[Source data]
————————

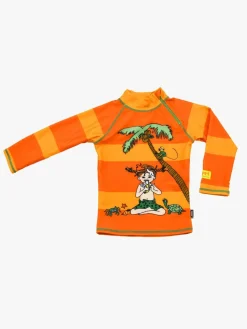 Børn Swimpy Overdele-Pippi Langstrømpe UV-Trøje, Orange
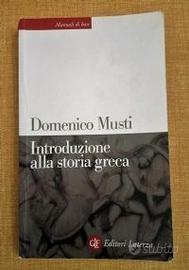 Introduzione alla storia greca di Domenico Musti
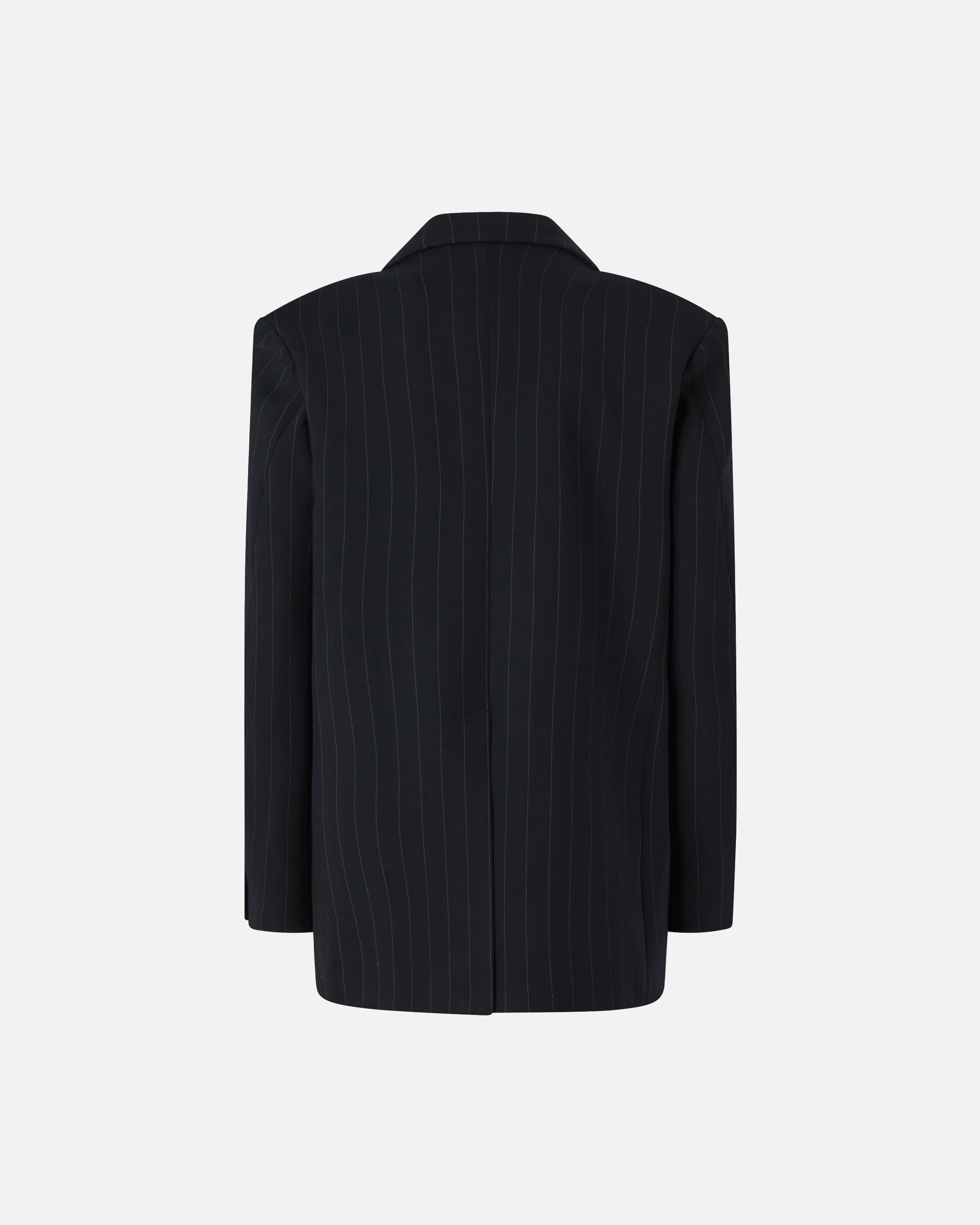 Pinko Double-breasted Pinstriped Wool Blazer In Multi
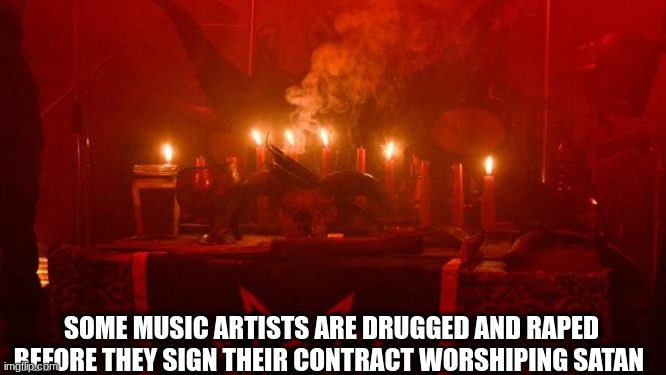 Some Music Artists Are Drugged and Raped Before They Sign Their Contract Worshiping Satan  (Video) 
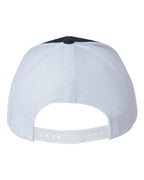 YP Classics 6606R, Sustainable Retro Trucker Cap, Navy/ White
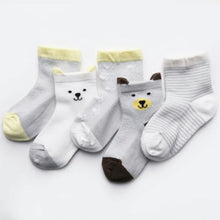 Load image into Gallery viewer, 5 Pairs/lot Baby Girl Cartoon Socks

————————

■ Assignment
Starting at the line that contains "Pinko Double-breasted Pinstriped", restate every line through the end of the records exactly as written, but leave the pictures out.

■ Solution to the problem
 Pinko Double-breasted Pinstriped Wool Blazer In Multi
 Some Music Artists Are Drugged and Raped Before They Sign Their Contract Worshiping Satan  (Video) 
 YP Classics 6606R, Sustainable Retro Trucker Cap, Navy/ White
 Load image into Gallery viewer, 5 Pairs/lot Baby Girl Cartoon Socks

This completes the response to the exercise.